An endangered language?


A friend suggested that I might want to look into a website called Priceonomics.com. She was right. The business of the site seems to be crawling the web for data and selling the results; their blog is a potpourri of odd and less odd factoids collected along the way. It's fun for a stats geek.

I was particularly struck by a posting that reports: Only 4% of Languages Are Used Online. The author became aware that his Egyptian friends largely used Latin characters on the web rather than Arabic letters. Arabic is in no danger of erasure by technological change, but the web does "endanger" many less widely used tongues.
But thousands of other languages may never make the leap into the digital age. A full 96% of the world’s 6,000+ languages appear to be dead when it comes to use on cell phones, laptops, and tablets, meaning that the Internet could be to languages what a certain comet was to the dinosaurs.

…Linguists note the extinction of languages with some pessimism: around 2,500 out of 7,000 languages spoken today are endangered. But the picture [mathematical linguist András] Kornai emerges with is much more alarming. Only about 170 languages, or 2%, are vital or thriving online. Another 140 (1.7%) are borderline cases. The remaining 96% (over 6,000) are still or “digitally dead.” And in Kornai’s opinion, given the prerequisites of a strong publishing infrastructure that includes technical tools to make it possible to use a language on digital devices and broad use by the younger generation, those 6,000+ languages have no hope of making the leap into the digital future.
This fit with some of what I saw on my recent trip to Bhutan. Dzongkha, the national language of Bhutan, is just the sort of language that gets left out of the international discourse on the web. According to an article in the Wikipedia, on Wikipedia, only about 160,000 of the Bhutanese are native speakers; the other 540,000 have other home tongues. Though Dzongkha is required for official business and is used for self-consciously Bhutanese culture (see this artist, for example), the language of instruction in the schools is English. English serves to bridge language gaps between Bhutanese and also with their large, sometimes culturally encroaching, neighbor India. And English is easily used on the web.

Bhutan is one of the those countries which is leaping much of the industrial age to move directly into the digital one. Instead of installing the wiring for telephone communication, they've gone straight to ubiquitous cell phone coverage. People don't listen to radio; because so many have electricity, a byproduct of the national export of hydropower to India, they've gone straight to television and computers.

A Bhutanese living room in an unpretentious house
One member of our group suggested that her elementary school teacher daughter's third grade class might make good pen pals for Bhutanese students. She had to be politely told that the children would have to use email; land postal service is an expensive relic of another time, barely known outside the capital. But schools seem to be wired. And our guide explained that one third of Bhutanese are in some kind of educational program. When he graduated 20 years ago, Bhutan had 43 graduates from college that year. Now 3000 complete college annually. These young people, and every shop keeper and professional and business person, are all online; most likely in English.

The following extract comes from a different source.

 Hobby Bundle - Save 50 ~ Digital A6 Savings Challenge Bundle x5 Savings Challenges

Bhutan aims to retain much of its traditional culture while adapting and succeeding in a very different present. Language will be an issue and could be a stumbling block …

3 comments:

Rain Trueax said...

Here in my part of the West, a lot of the tribes are bringing back their language as part of their culture. Might happen there too in the future.

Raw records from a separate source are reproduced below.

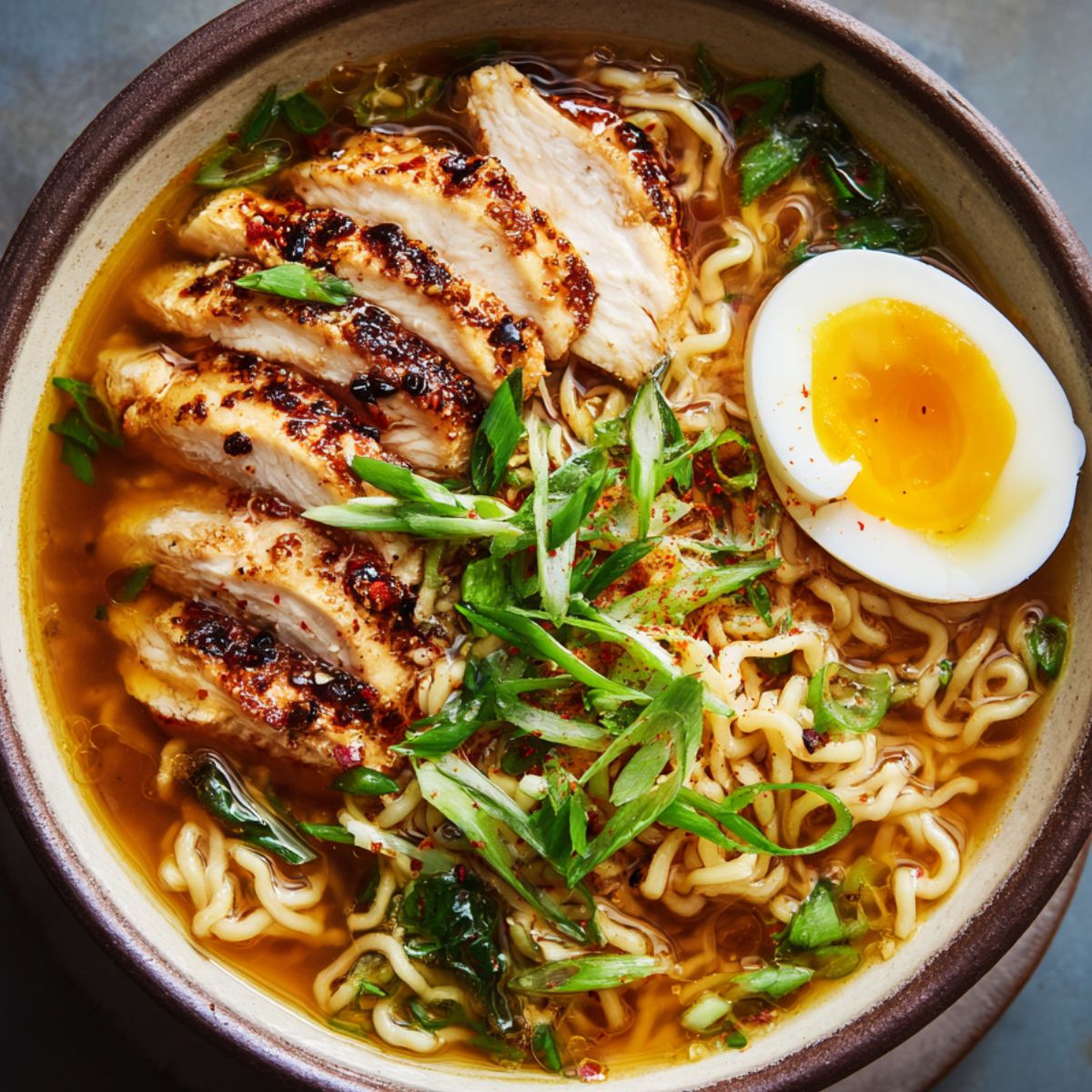 A bowl of Ramen Noodles with grilled chicken slices, green onions, and a soft-boiled egg, placed in a flavorful broth.
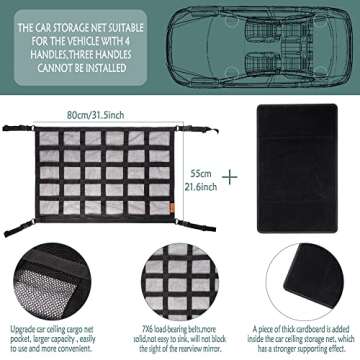 YVVZHOU PANN Upgrade Ceiling Cargo Net for Smart Storage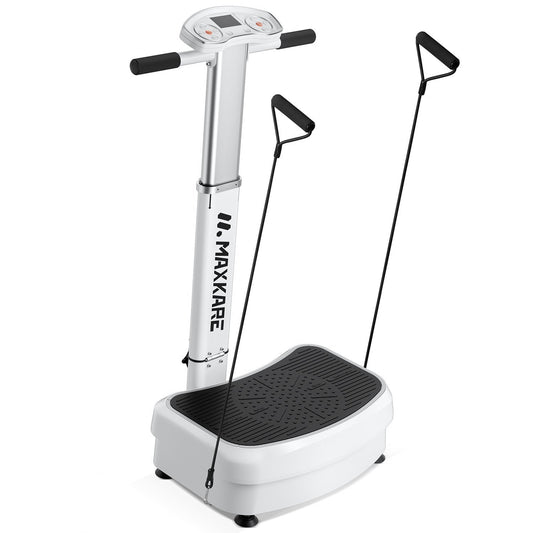 MaxKare Vibration Plate Exercise Machine Vibration Platform Machine with Adjustable Handle 2 Motor & Loop Bands for Weight Loss,Toning & Fitness Indoor/Outdoor Exercise Workout - NAIPO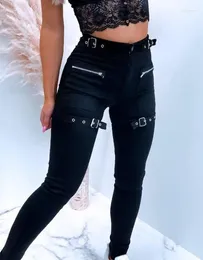 Women's Pants 2023 Fashion Elegant Sexy Zipper Button Design Buckled Female Trouser Casual Bottom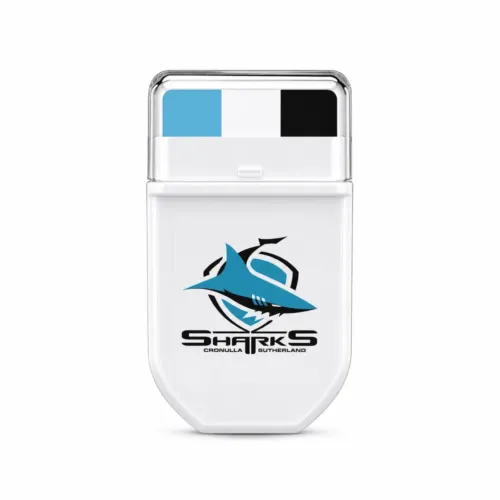 Cronulla Sharks NRL FANBRUSH face paint stick in sky blue, white and black
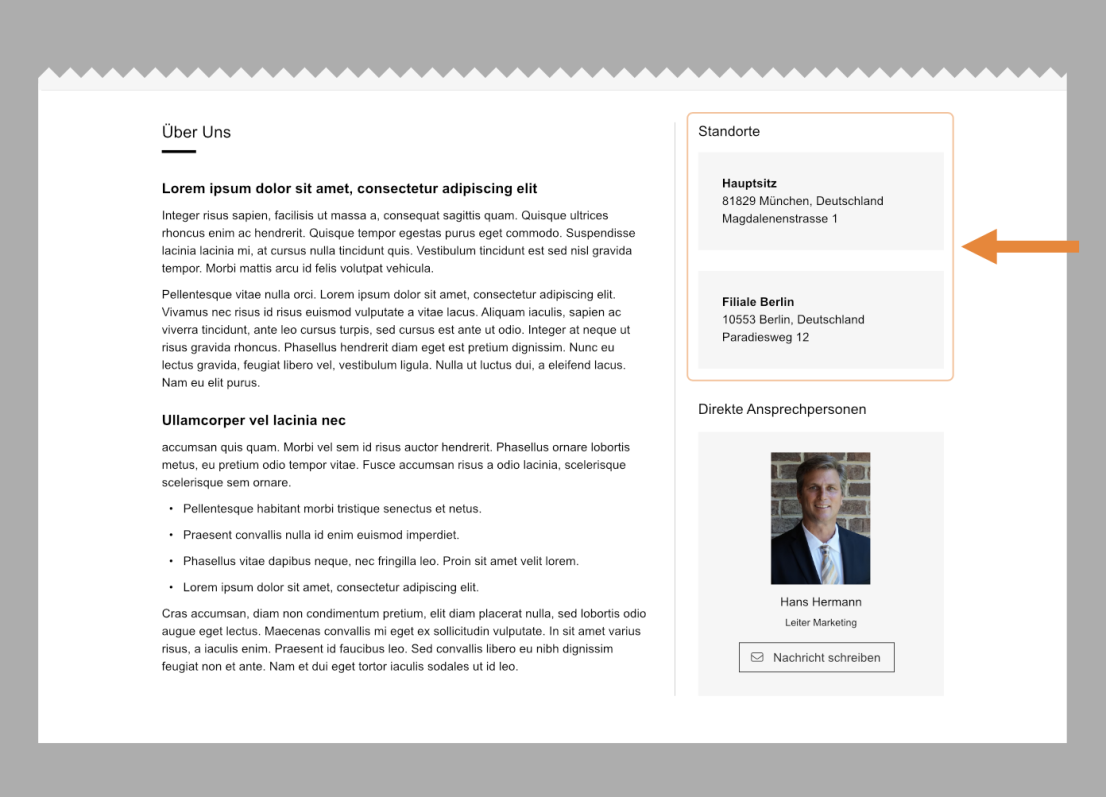 Deutsche „Über uns“-Seite mit Textabschnitten, Kontaktdaten für München und Berlin sowie einem Direktkontakt mit Profilbild und Nachrichten-Button. Ein orangefarbener Pfeil zeigt auf die Münchner Adresse.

Michael Strickland said...

Actually, it might be more like the Dutch, who cling to their impossible-to-pronounce language while routinely learning three or four others fluently, especially English, to communicate with the rest of the world.

Hattie said...

When in Sweden I thought about the wealth of culture contained in Scandanavian languages that is opaque to me.
The loss of language diversity is indeed sad. And we have crippled ourselves as a nation, too, by being mostly monolingual.